著者は「マルクス主義の伴走者」であり、フランスで複雑系経済学に傾倒し、現在はベンチャー育成に力を注ぐ。この3つのキーワードの間をどう埋めるか。そのパズルを解くのがこの本である。難解ではあるがヒントは随所にある。
読んでいると私自身パリに留学して、フランスの数学者ブルバギや構造主義をかじっていたころの記憶と重なってくる。人間は利潤極大化のために動くという経済学の前提がいかにおかしいか、その前提から出発する均衡論の盲点をつくにはどうしたらいいかさんざん議論した。その経験から見ると、この本の最終章はわが意を得たりの感がある。

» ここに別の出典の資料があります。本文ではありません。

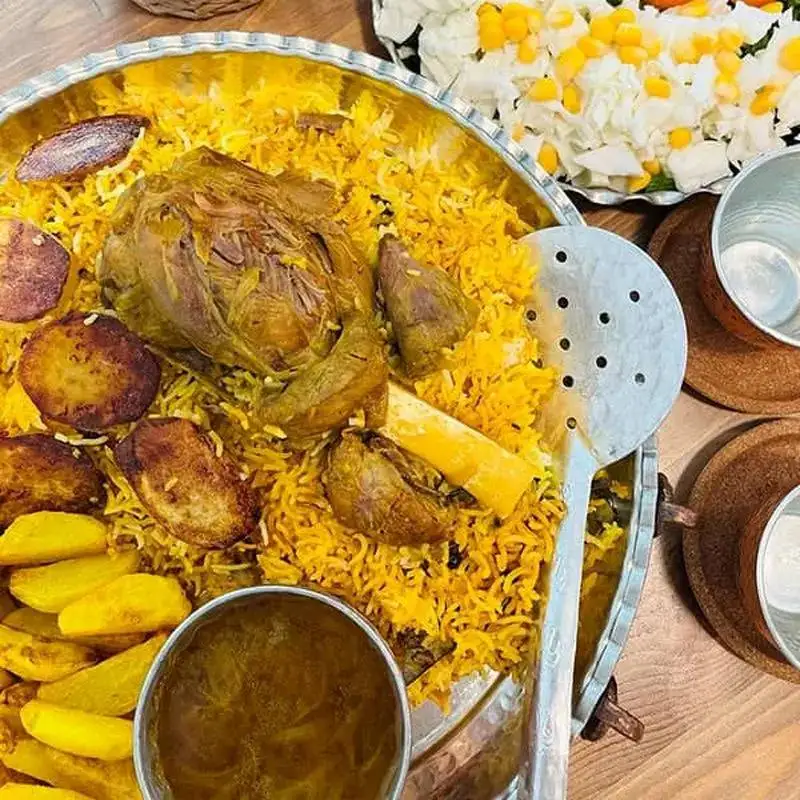 طرز تهیه مندی؛ چلو گوشت مشهور یمنی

経済は巨大な装置であり経済理論の実践の場だと見る考えはもはやあてはまらない。計画的にすべて運営しようとすれば中間的な実験が意味をもたなくなってしまう。マルクスは計画経済を望んだわけではない。変化に対して調整可能なシステムを追求したのだ。個人の自由度に基づくビジネスが民主主義の成長にとって必須条件だとしたら、行き着く先は単なる市場原理主義でも計画主義でもない。
中央集権システムからの脱出のために、著者が都市経営論という講座を作ろうとして断念したというくだりがある。偶然にもその講座名は私が東大で2年前から開設しているものと同じである。国と個人の間で経営単位を無数に作り、その中で経済と工学的な知識を用いて社会的実験を繰り返し、新しい経営システム論を作り出す。21世紀の経済学には格好のテーマだ。
◇しおざわ・よしのり=1943年、長野県生まれ。大阪市立大学教授。